**Task material**
-=-=-
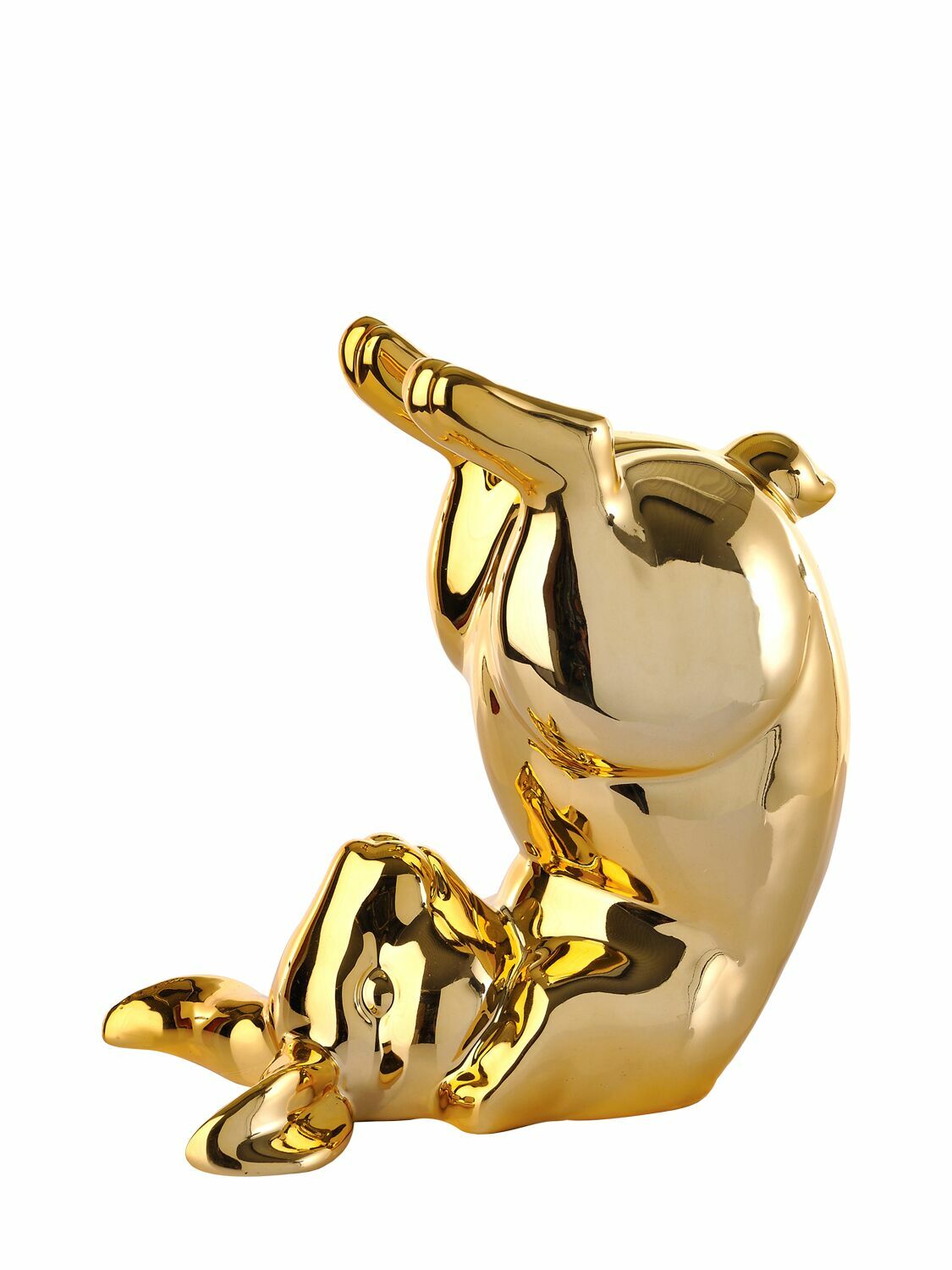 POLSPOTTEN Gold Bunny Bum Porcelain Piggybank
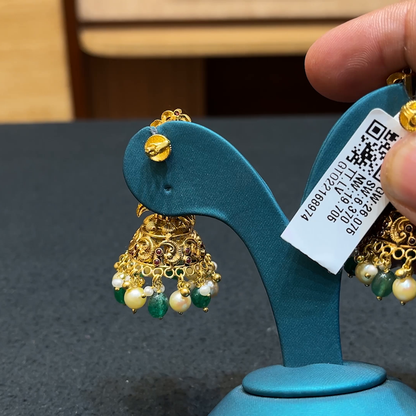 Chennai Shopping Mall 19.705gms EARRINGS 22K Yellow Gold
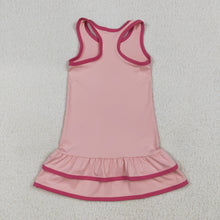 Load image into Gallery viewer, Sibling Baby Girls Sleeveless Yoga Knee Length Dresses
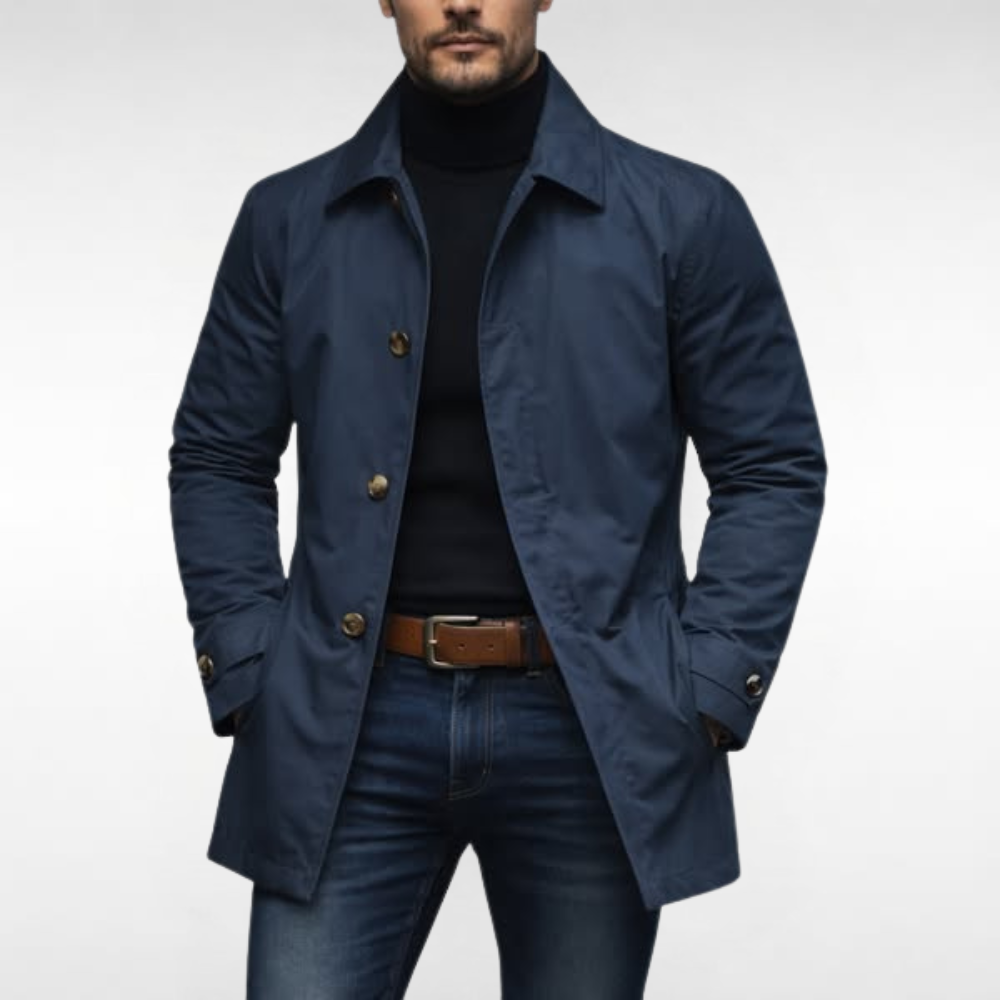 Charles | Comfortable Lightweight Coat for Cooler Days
-=-=-
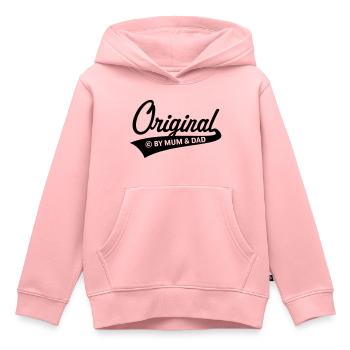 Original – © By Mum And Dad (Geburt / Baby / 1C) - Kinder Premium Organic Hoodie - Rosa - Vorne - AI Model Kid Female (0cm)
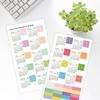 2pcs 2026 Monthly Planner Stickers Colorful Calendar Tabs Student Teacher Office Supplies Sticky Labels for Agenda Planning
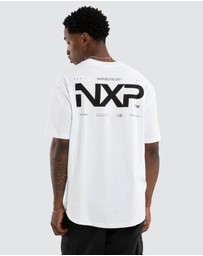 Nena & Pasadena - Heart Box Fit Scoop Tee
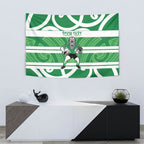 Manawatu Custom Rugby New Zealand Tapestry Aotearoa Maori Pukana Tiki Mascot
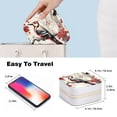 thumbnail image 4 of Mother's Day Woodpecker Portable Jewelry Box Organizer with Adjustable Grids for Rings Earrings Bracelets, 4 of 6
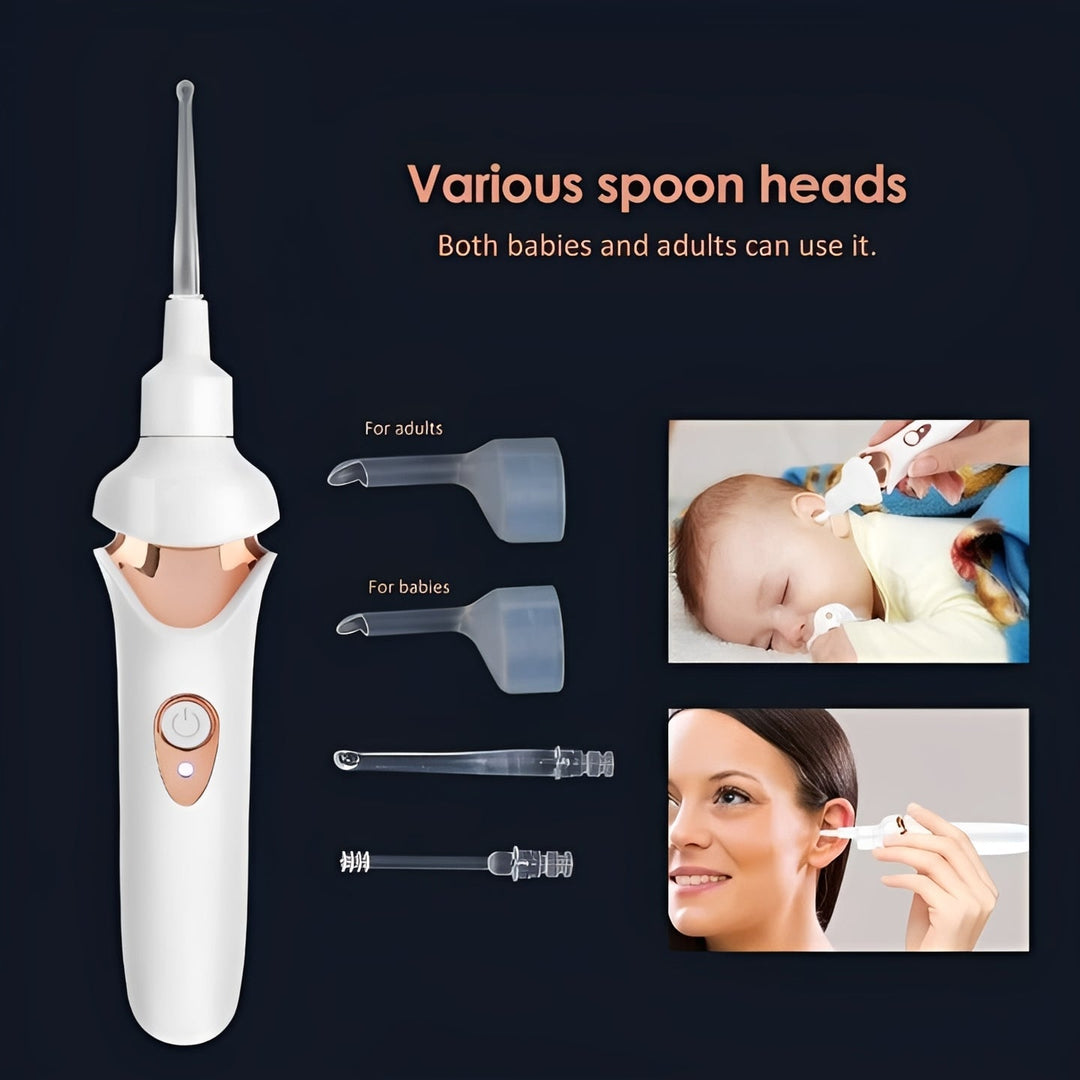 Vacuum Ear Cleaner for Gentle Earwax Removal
-=-=-
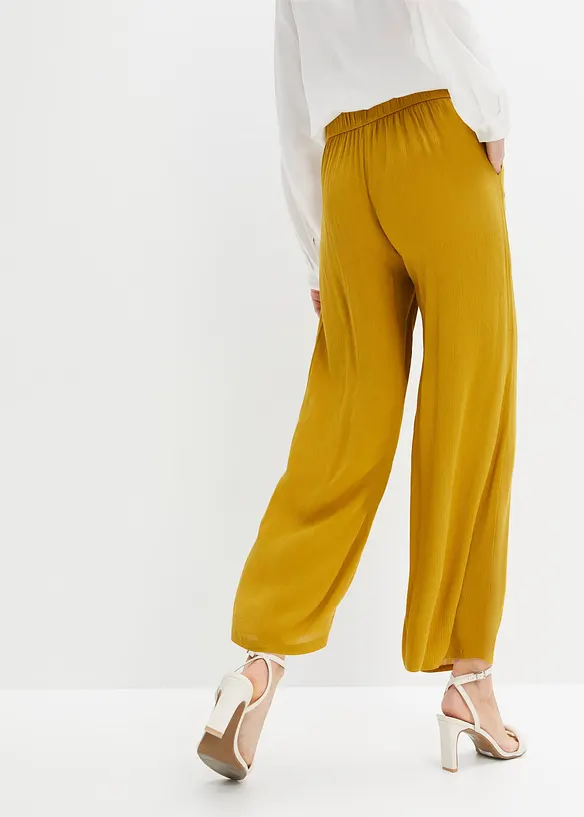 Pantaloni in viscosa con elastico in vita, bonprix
-=-=-
**What the exercise asks**
Above are records; write out the lines from the one with "2pcs 2026 Monthly" down to the one with "Vacuum Ear Cleaner for Gentle Earwax Removal", exactly, leaving the pictures out.

**Answer for this exercise**
 2pcs 2026 Monthly Planner Stickers Colorful Calendar Tabs Student Teacher Office Supplies Sticky Labels for Agenda Planning
 Nena & Pasadena - Heart Box Fit Scoop Tee
 Manawatu Custom Rugby New Zealand Tapestry Aotearoa Maori Pukana Tiki Mascot
 thumbnail image 4 of Mother's Day Woodpecker Portable Jewelry Box Organizer with Adjustable Grids for Rings Earrings Bracelets, 4 of 6
 Vacuum Ear Cleaner for Gentle Earwax Removal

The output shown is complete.